**SUPPLIED RECORDS**
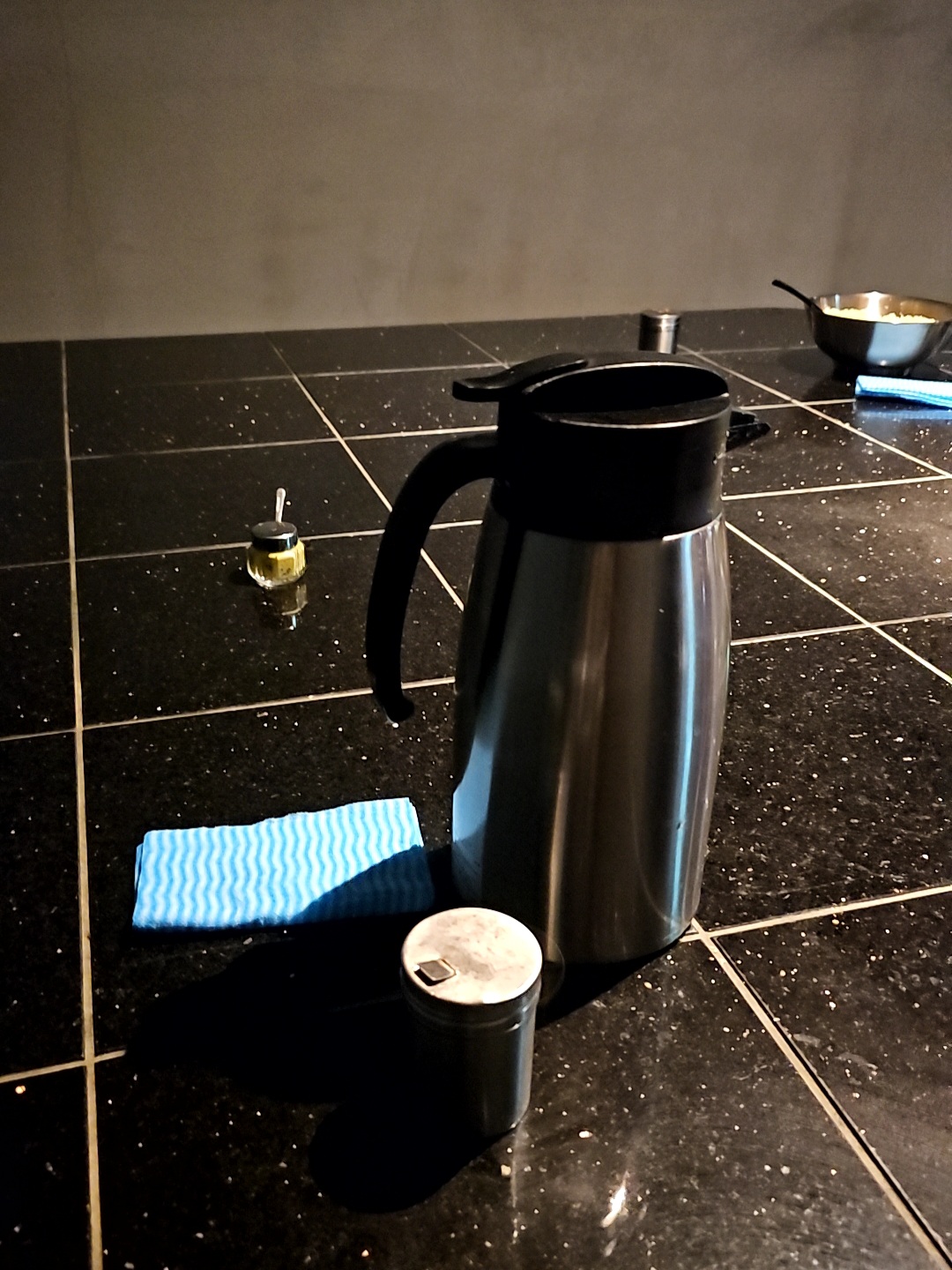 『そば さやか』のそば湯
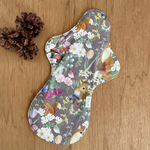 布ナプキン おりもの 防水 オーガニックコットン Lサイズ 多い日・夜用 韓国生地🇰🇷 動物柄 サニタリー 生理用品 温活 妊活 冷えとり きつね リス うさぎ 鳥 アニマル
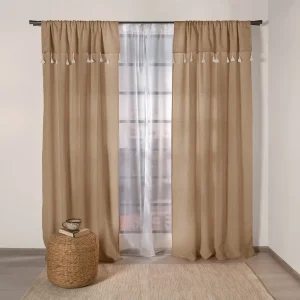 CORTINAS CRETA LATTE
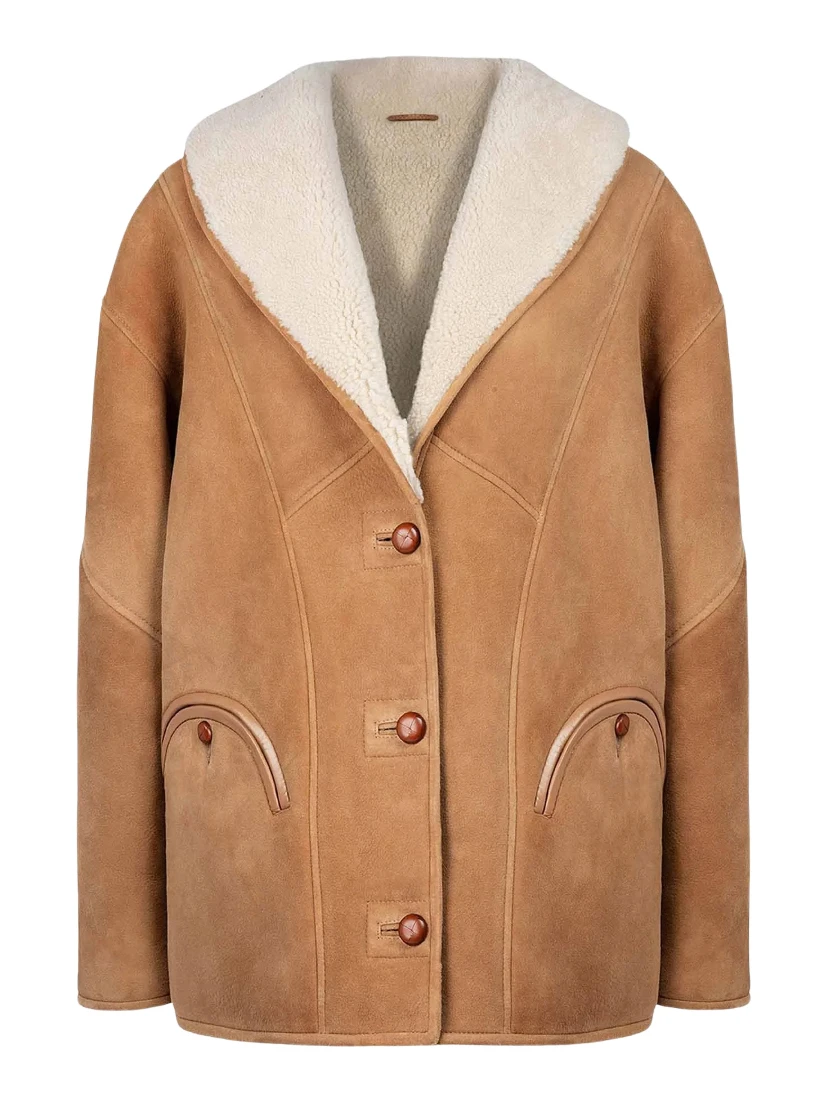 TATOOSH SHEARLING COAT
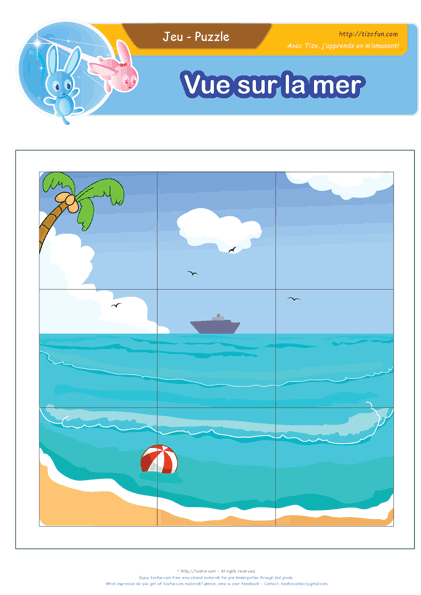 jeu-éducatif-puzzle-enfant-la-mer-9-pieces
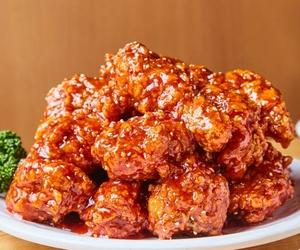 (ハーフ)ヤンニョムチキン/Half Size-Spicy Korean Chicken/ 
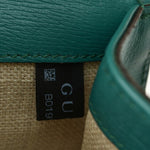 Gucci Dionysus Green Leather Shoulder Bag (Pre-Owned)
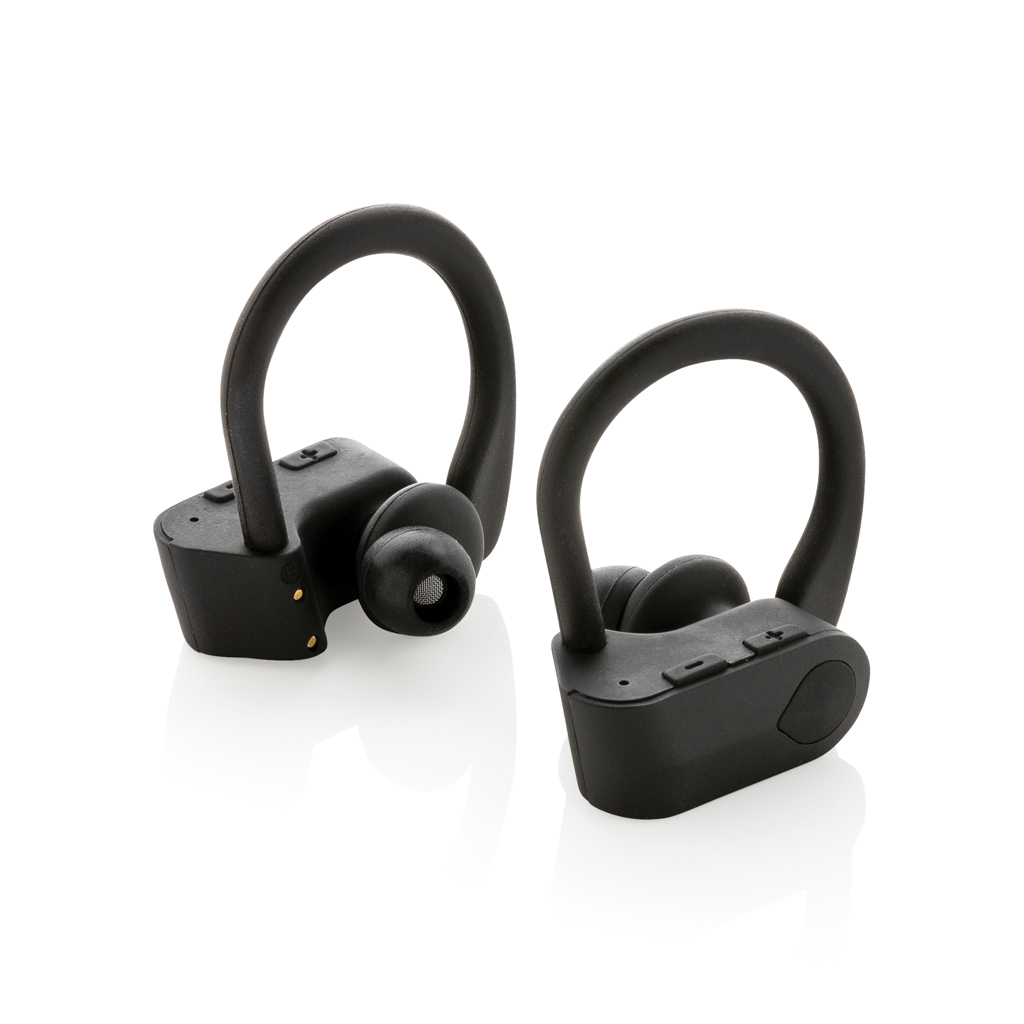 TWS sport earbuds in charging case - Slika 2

**WHAT IS EXPECTED**
Return the material above verbatim. Pictures are to be excluded.

**SOLUTION FOR THIS TASK**
 『そば さやか』のそば湯
 布ナプキン おりもの 防水 オーガニックコットン Lサイズ 多い日・夜用 韓国生地🇰🇷 動物柄 サニタリー 生理用品 温活 妊活 冷えとり きつね リス うさぎ 鳥 アニマル
 CORTINAS CRETA LATTE
 TATOOSH SHEARLING COAT
 jeu-éducatif-puzzle-enfant-la-mer-9-pieces
 (ハーフ)ヤンニョムチキン/Half Size-Spicy Korean Chicken/ 
 Gucci Dionysus Green Leather Shoulder Bag (Pre-Owned)
 TWS sport earbuds in charging case - Slika 2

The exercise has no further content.